La Sicilia ha una elevata autonomia. Con lo stesso modello, forse la Catalogna non avrebbe invocato l’indipendenza. Il voto regionale siciliano, che elegge una sorta di “presidente” dell’isola, offre quindi un dato significativo sul mal di pancia della democrazia in Italia e in Europa, compresa la mancanza di sorprese. Non stupisce la vittoria di Nello Musumeci, prevista da molti sondaggi in linea con la traiettoria nordista di Zaia, Maroni e Toti, tutti personaggi con un proprio carisma. Né il successo del M5S, che surclassa tutti gli altri partiti come movimento politico organico e coerente. E, purtroppo, non stupisce neppure la conferma di una tendenza ormai storica, la perdita di rappresentatività della democrazia. Una conferma dal sapore amaro.

La favola che l’isola sia da sempre allergica alle urne è una frottola (Fig.1). Fin dall’avvento del suffragio universale, dopo la seconda guerra mondiale, l’isola ha partecipato in modo convinto.
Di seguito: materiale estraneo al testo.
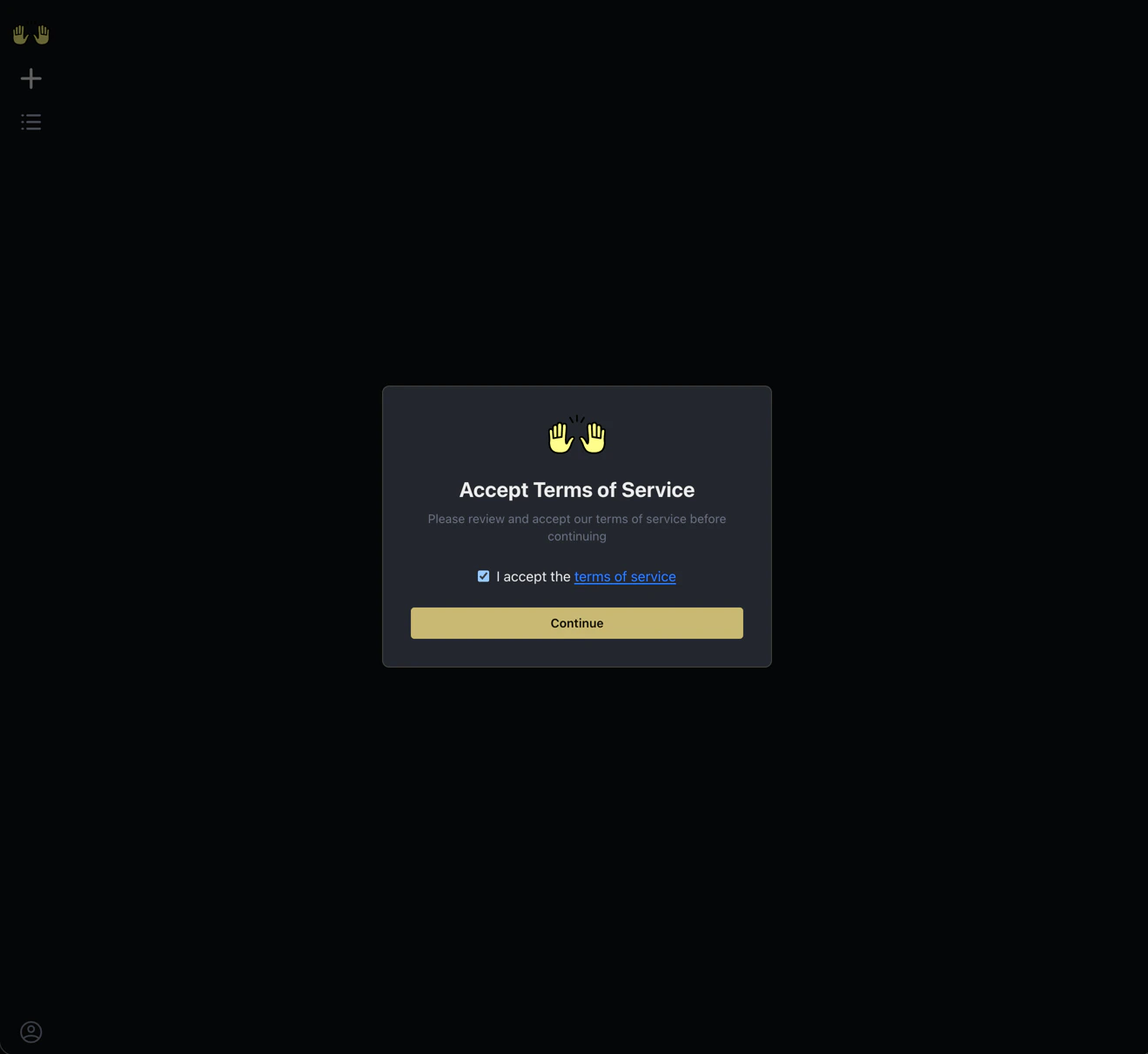 Accept Terms of Service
Nel 1947 andò alle urne l’80% dei siciliani, eleggendo Giuseppe Alessi; nel 1951 l’82%; e nel 1955 l’87%. Fino al 1976 l’affluenza superava l’80%. Poi una progressiva caduta, a partire dagli anni 90 del secolo scorso, per arrivare al crollo delle ultime due tornate: il 47,4% nel 2012 e il 46,8% di domenica 5 novembre 2017. I gloriosi trent’anni (Jean Fourastié, Les Trente Glorieuses ou la révolution invisible de 1946 à 1975, Fauyard: Paris, 1979) quando ha trionfato la società del benessere e la diseguaglianza sembrava destinata ad assottigliarsi ovunque, non erano passati invano neppure nell’isola. E neppure gli ultimi anni, purtroppo; quelli delle passioni tristi e dei loro rappresentanti.

Figura 1

Se si analizza la partecipazione elettorale in Europa, il calo è consolidato quasi ovunque, come dimostrano tutte le presidenziali dei nostri vicini di casa. L’Austria passa dal 97% del 1951 al 72% del 2016, ma nel 2010 era crollata a meno del 54%. La Francia dall’84% del 1965 al 74% del 2017, poi crollato al 48,7% nel ballottaggio: la più bassa affluenza dei tempi moderni. La Croazia dal 75% del 1992 al 59% del 2015. La Slovenia dall’86% del 1992 al 42% del 2012. In Svizzera, dove votò il 73% dei cittadini nelle elezioni parlamentari del 1947, solo il 48% lo ha fatto nel 2015, meno della metà degli aventi diritto. È fuorviante dire che negli Stati Uniti, una culla della democrazia rappresentativa, il turnout (cioè l’affluenza) è da sempre modesto (Fig.2), almeno del Novecento in poi. Dal dopoguerra si è comunque mantenuto costante, tra il 50 e il 60%; e nell’ultima tornata, quando ha vinto Trump, ha partecipato quasi il 56%, meglio della precedente: male che vada un presidente Usa viene votato da almeno un americano su quattro; se va meglio, da uno su tre. Un consenso ben superiore a quello del presidente francese Emmanuel Macron.

Figura 2

Il profondo scontento europeo, che la statistica mette a nudo senza scampo, suggerirebbe una riflessione sul nostro modello di democrazia. La democrazia partecipativa, quella che utilizza Internet, cerca di dare una risposta; ma forse è una risposta ancora insufficiente. Così la democrazia diretta dei referendum è confinata a pochi ambiti, difficilmente estendibili. Quasi tutti sorridono quando parlo di introdurre correttivi basati sul sorteggio di chi ci deve rappresentare, come nell’Atene di Pericle e nella Venezia dei Dogi, in sintonia con il pensiero di Aristotele, Montesquieu e Jefferson. Eppure hanno dimostrato come una quota di parlamentari scelti con il sorteggio aumenti l’efficienza e la produttività dell’istituzione legislativa. Più casualità e meno antipolitica non è una ricetta irragionevole, ma fondata su rigorose analisi statistiche e suscita l’interesse di chi ha a cuore la democrazia e ne teme la deriva olicraturale.